'Speculation' about Cook County 'pop tax' proves accurate

By The Madison County Record | Aug 15, 2017

“As to the concerns that improper collection of the tax will open the Merchants up to litigation, any such notion is merely speculation at this point and does not render the Ordinance unconstitutionally vague.”


“As to the concerns that improper collection of the tax will open the Merchants up to litigation, any such notion is merely speculation at this point and does not render the Ordinance unconstitutionally vague.”

That's what Cook County Circuit Judge Daniel Kubasiak said when he lifted the temporary restraining order delaying the implementation of Cook County's new tax on sweetened beverages.

Mere speculation? In Illinois, the land of litigation? You could have made a bet on how soon the first lawsuit would be filed against a retailer alleged to have applied the tax to an unsweetened beverage.

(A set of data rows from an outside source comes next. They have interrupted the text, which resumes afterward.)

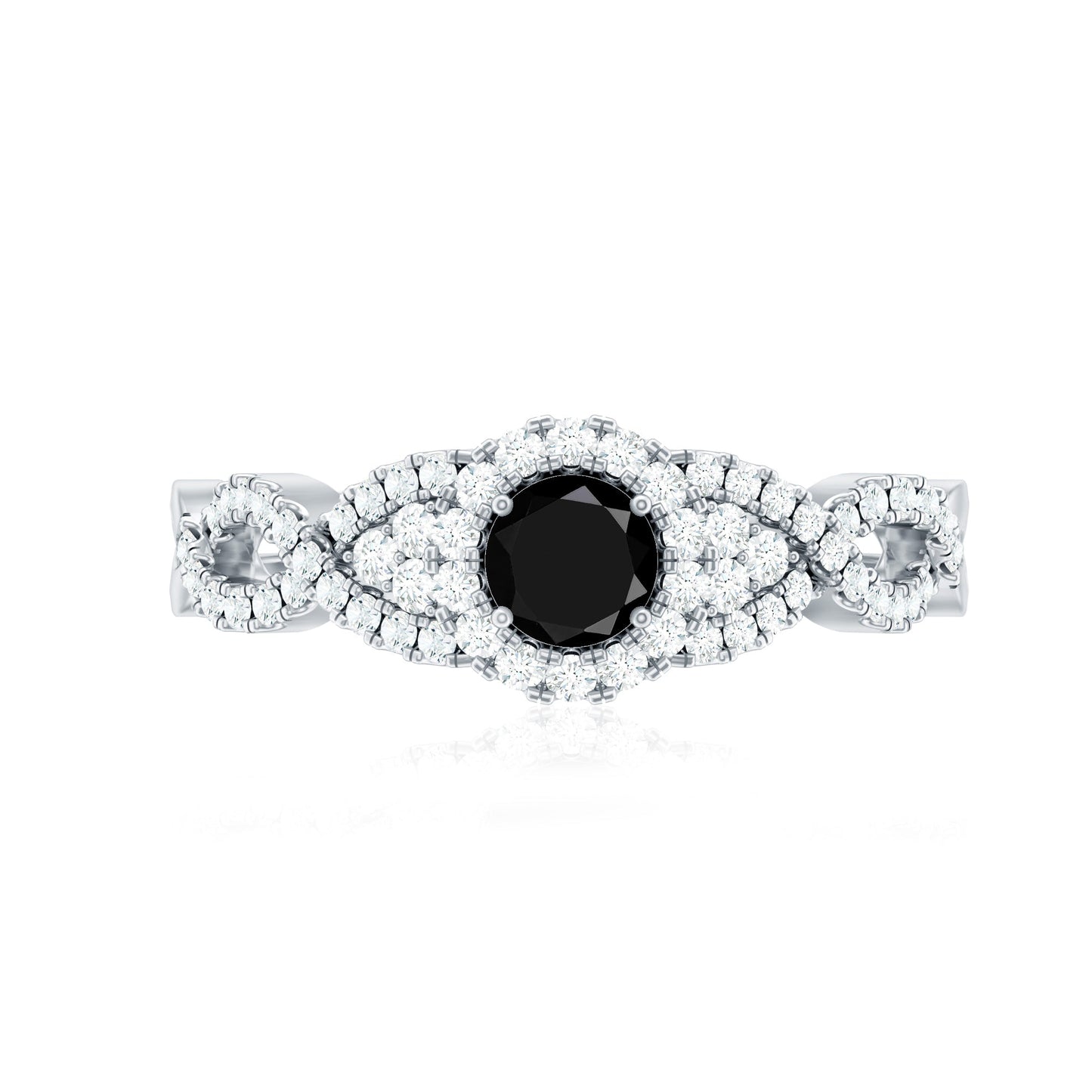 Certified 0.84 Carat Lab Grown Black Diamond Engagement Ring with White Diamond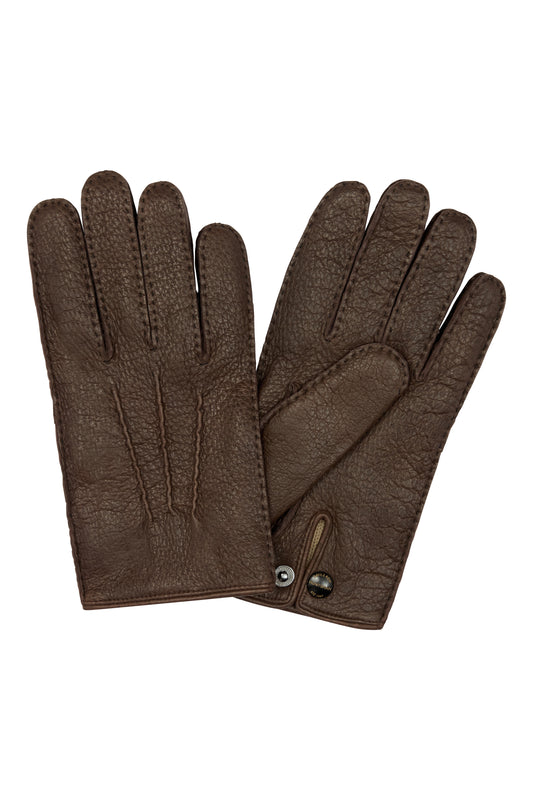 Brown Hand Sewn Peccary Leather Gloves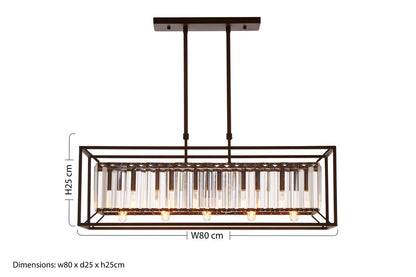 Akiko 5 Bulb Dark Bronze and Glass Ceiling Light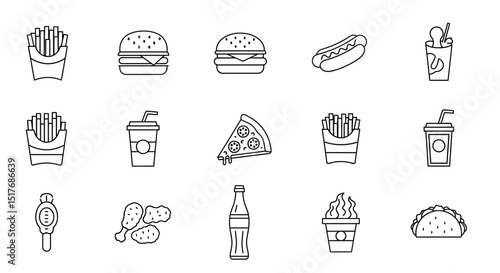 Fast Food Icons Line Art Illustrations for Menus, Websites, and Apps
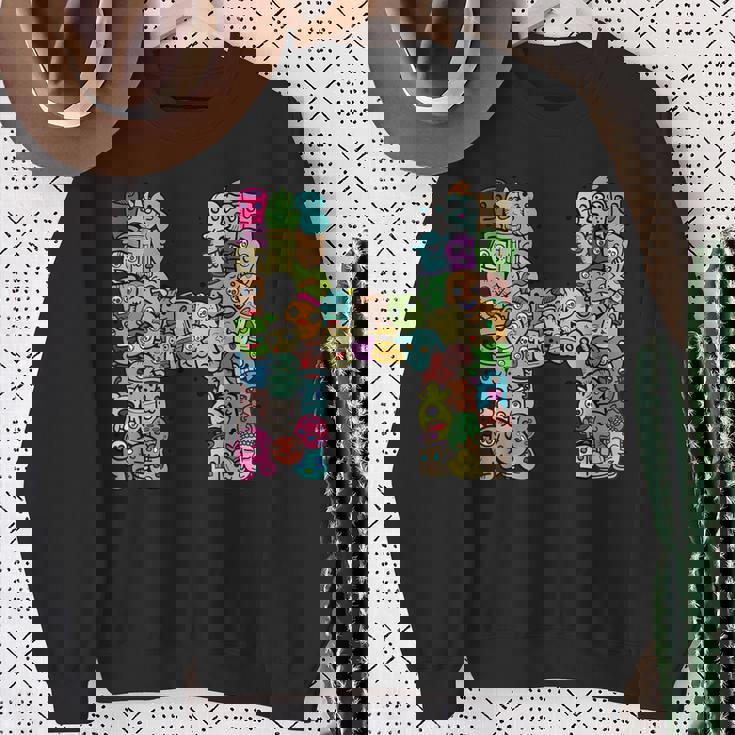 Hモンスターズ アルファベットネーム イニシャル キュート モノグラム スウェットシャツ 年配の女性への贈り物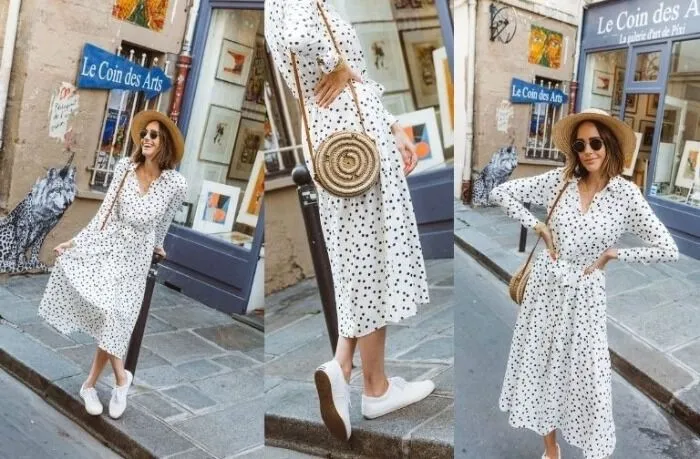 Váy chấm bi tròn kết hợp giày Sneaker.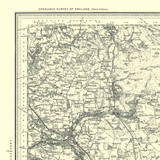 Close up of authentic reproduction of Ordnance Survey map of Chapel-en-le-Frith 1896-1904 with a yellow tint background
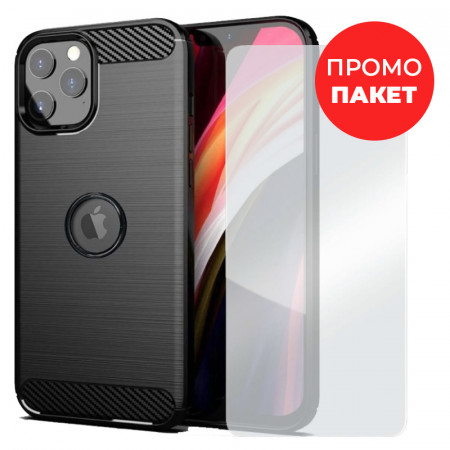 ПРОМО ПАКЕТ Силиконов гръб Carbon + плосък стъклен протектор - iPhone 12 Pro Max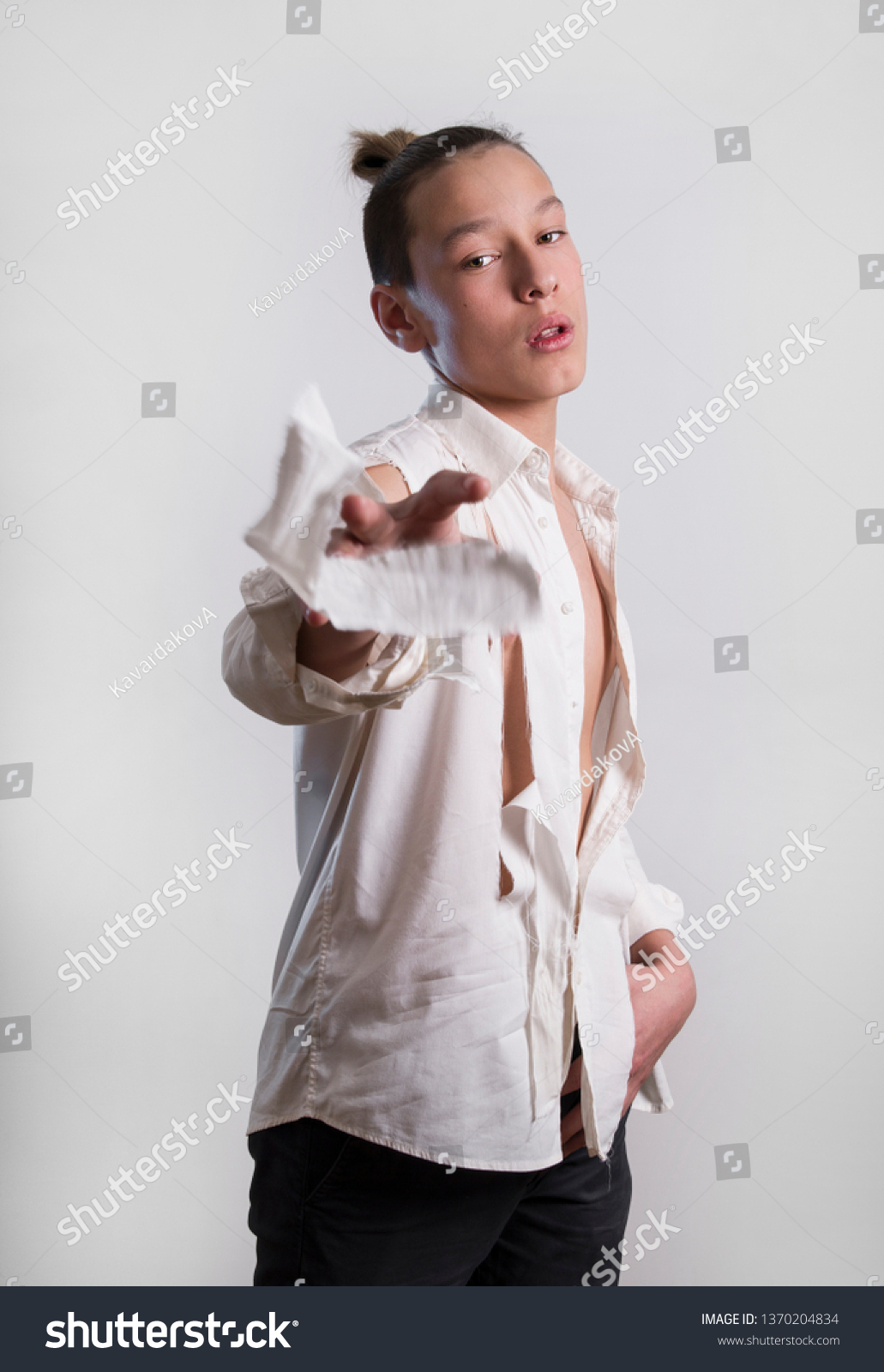 Rebel Teenager Torn White Shirt Protests Stock Photo 1370204834 ...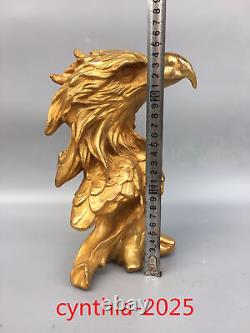 9.4Collecting Chinese antiques Pure copper gilding Eagle Statue Ornament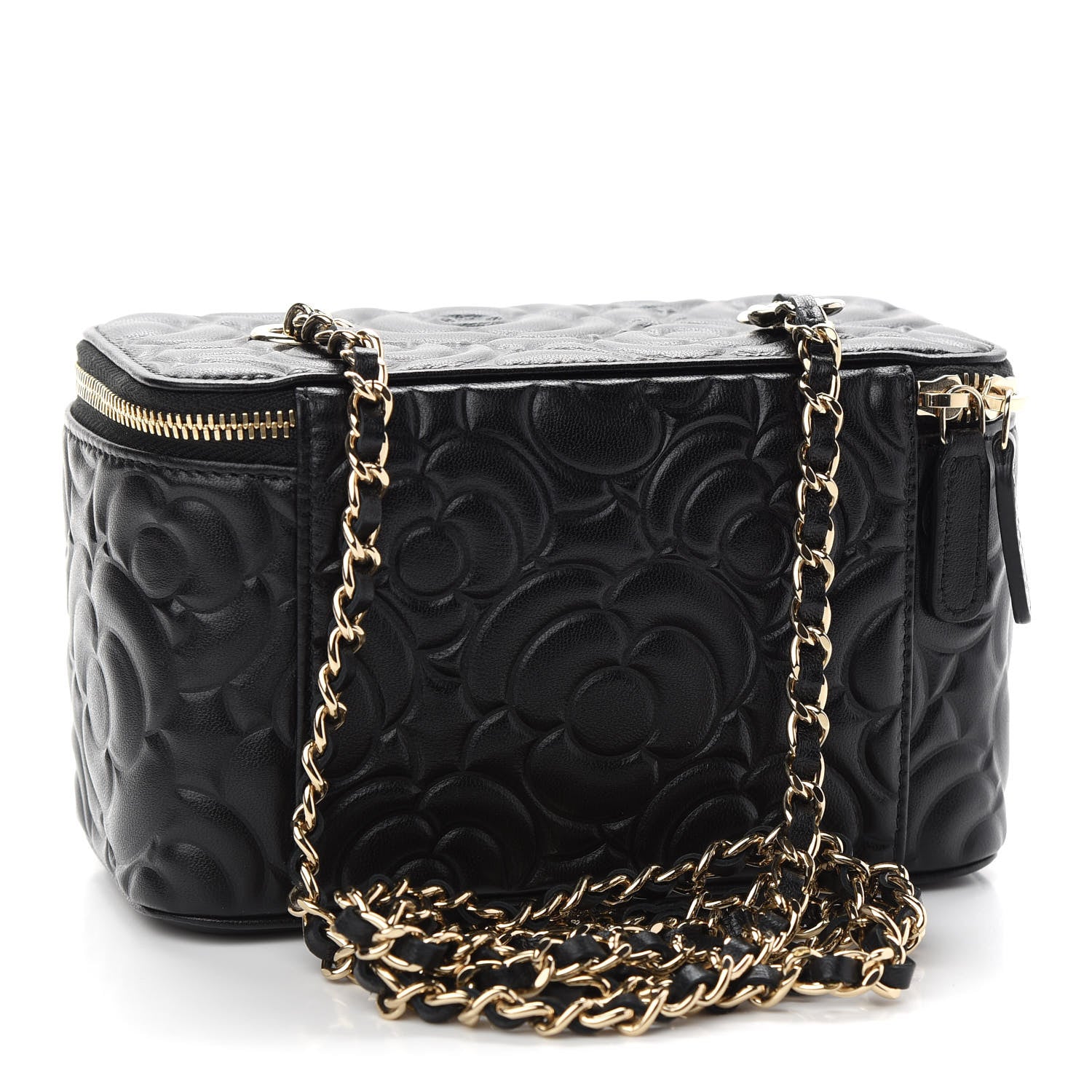 Chanel Lambskin Camellia Embossed Small Vanity Case With Chain Black 3 of 9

Two days! That's all the time it took for the first suit to be filed. 

On Aug. 4, just two days after the tax took effect, a self-appointed guardian of the public interest named Vincent de Leon filed suit in Cook County Circuit Court against Deerfield-based Walgreens, seeking restitution of taxes collected from him or any other customer on beverages not covered by the county ordinance. 

Speaking of speculation, one might safely speculate that de Leon and his attorney, Elizabeth Fegan of Chicago's Hagens Berman Sobol Shapiro, were planning to file their suit even as the judge was dismissing such an idea as speculative.

Speculation, in fact, is exactly what de Leon and Fegan are engaging in as they try to make some fast bucks at the expense of Walgreens and its customers.

Speculation is also what Cook County officials were engaging in when they first sued and then dropped the lawsuit against the supermarkets and the retail association that sought the restraining order, trying to hold the merchants liable for $17 million in revenue the County estimates that it lost during the single month delay of the tax that so quickly spawned a merely speculative lawsuit.

If Cook County keeps imposing unreasonable burdens on businesses and enticing attorneys to file suits against them, eventually those businesses will close or move elsewhere, and that's not a matter of speculation.